(Exercise data):
- - -

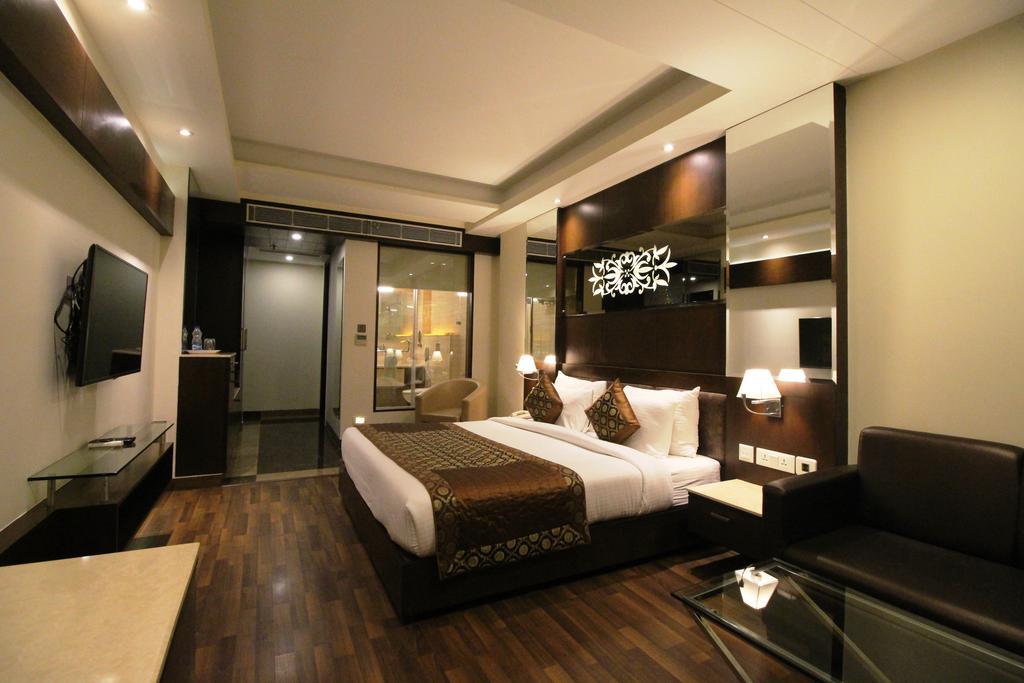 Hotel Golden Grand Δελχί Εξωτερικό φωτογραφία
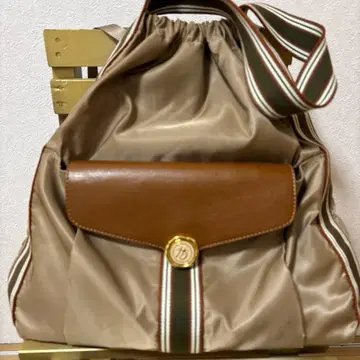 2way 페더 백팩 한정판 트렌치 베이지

- - -

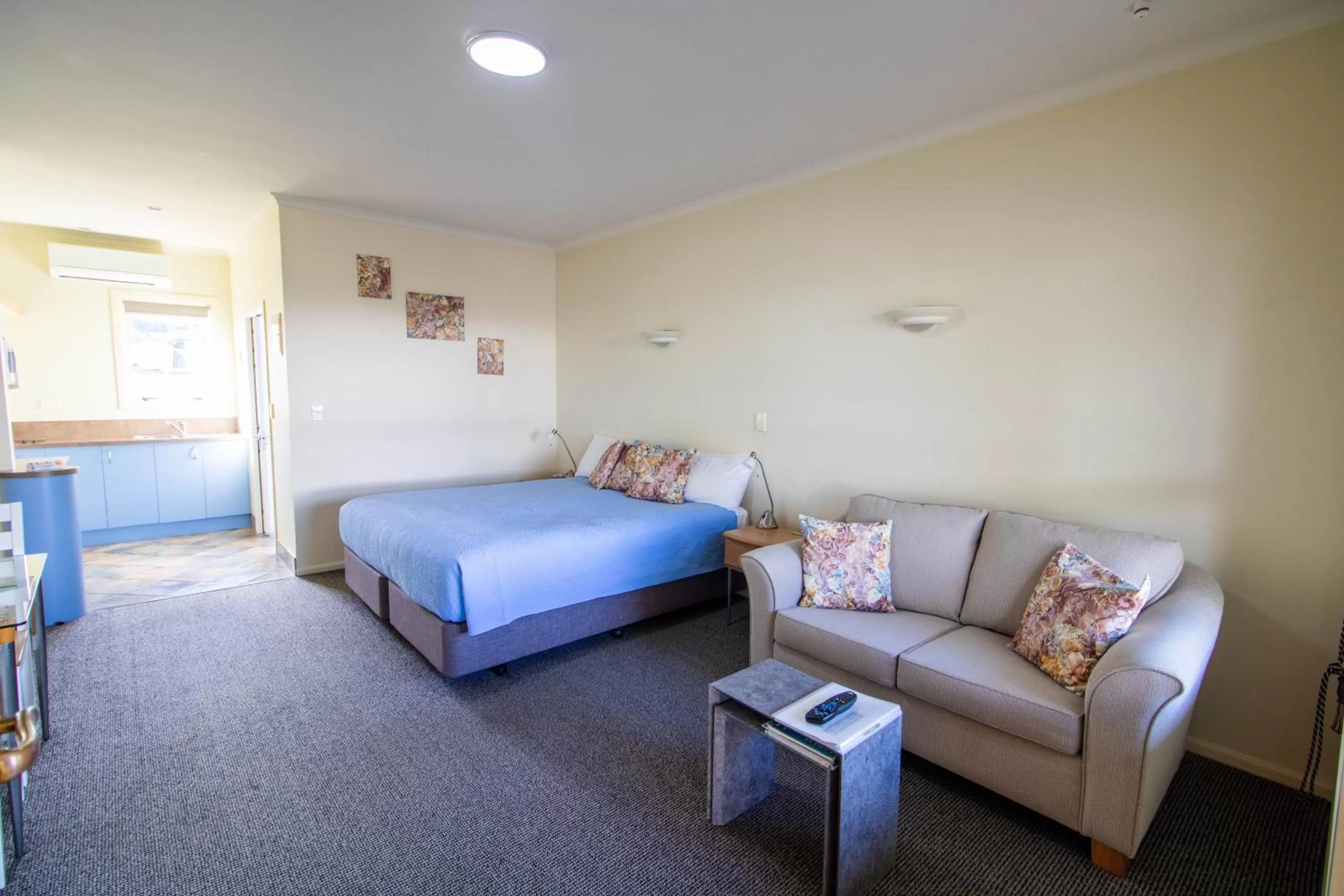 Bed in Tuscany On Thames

- - -

Make an exact copy of the lines above, beginning with the line with "Hotel Golden Grand" and ending with the line with "2way 페더 백팩 한정판 트렌치 베이지", and keep the pictures out of it.

 Hotel Golden Grand Δελχί Εξωτερικό φωτογραφία
 2way 페더 백팩 한정판 트렌치 베이지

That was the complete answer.